*** Extracted material Section Begins ***
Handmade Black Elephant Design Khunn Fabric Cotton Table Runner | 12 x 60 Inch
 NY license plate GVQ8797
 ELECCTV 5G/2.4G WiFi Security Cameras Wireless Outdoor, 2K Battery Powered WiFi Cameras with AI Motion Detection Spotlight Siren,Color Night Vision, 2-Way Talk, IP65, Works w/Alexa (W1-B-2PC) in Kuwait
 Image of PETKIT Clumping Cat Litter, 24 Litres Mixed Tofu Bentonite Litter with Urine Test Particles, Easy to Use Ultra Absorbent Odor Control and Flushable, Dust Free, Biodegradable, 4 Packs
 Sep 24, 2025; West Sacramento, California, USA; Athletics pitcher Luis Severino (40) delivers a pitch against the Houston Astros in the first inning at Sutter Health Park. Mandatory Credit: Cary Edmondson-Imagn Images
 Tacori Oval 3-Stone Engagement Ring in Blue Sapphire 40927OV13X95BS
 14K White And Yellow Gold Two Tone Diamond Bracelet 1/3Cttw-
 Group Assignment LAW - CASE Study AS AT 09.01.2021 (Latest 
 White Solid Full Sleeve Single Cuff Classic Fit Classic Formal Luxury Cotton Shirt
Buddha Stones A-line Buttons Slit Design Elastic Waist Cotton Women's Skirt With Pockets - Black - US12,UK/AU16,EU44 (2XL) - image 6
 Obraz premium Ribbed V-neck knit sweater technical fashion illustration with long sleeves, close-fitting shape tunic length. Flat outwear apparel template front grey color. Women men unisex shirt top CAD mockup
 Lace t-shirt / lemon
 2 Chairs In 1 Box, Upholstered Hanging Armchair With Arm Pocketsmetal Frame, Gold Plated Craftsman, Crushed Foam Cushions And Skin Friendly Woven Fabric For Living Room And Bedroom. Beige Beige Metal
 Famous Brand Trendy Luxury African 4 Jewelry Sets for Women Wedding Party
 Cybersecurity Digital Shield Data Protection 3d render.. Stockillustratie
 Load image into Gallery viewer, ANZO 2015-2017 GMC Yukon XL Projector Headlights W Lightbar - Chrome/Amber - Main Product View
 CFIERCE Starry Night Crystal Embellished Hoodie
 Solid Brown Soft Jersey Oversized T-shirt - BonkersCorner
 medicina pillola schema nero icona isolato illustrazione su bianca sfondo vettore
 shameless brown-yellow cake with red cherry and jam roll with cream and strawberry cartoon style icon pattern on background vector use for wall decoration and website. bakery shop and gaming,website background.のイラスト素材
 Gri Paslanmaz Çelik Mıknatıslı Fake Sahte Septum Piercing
*** Extracted material Section Ends ***
- Directions for this task
Look through the entries above and quote exactly the lines from the line with "Lace t-shirt / lemon" to the line with "Cybersecurity Digital Shield", counting both of those lines.

- Answer box
 Lace t-shirt / lemon
 2 Chairs In 1 Box, Upholstered Hanging Armchair With Arm Pocketsmetal Frame, Gold Plated Craftsman, Crushed Foam Cushions And Skin Friendly Woven Fabric For Living Room And Bedroom. Beige Beige Metal
 Famous Brand Trendy Luxury African 4 Jewelry Sets for Women Wedding Party
 Cybersecurity Digital Shield Data Protection 3d render.. Stockillustratie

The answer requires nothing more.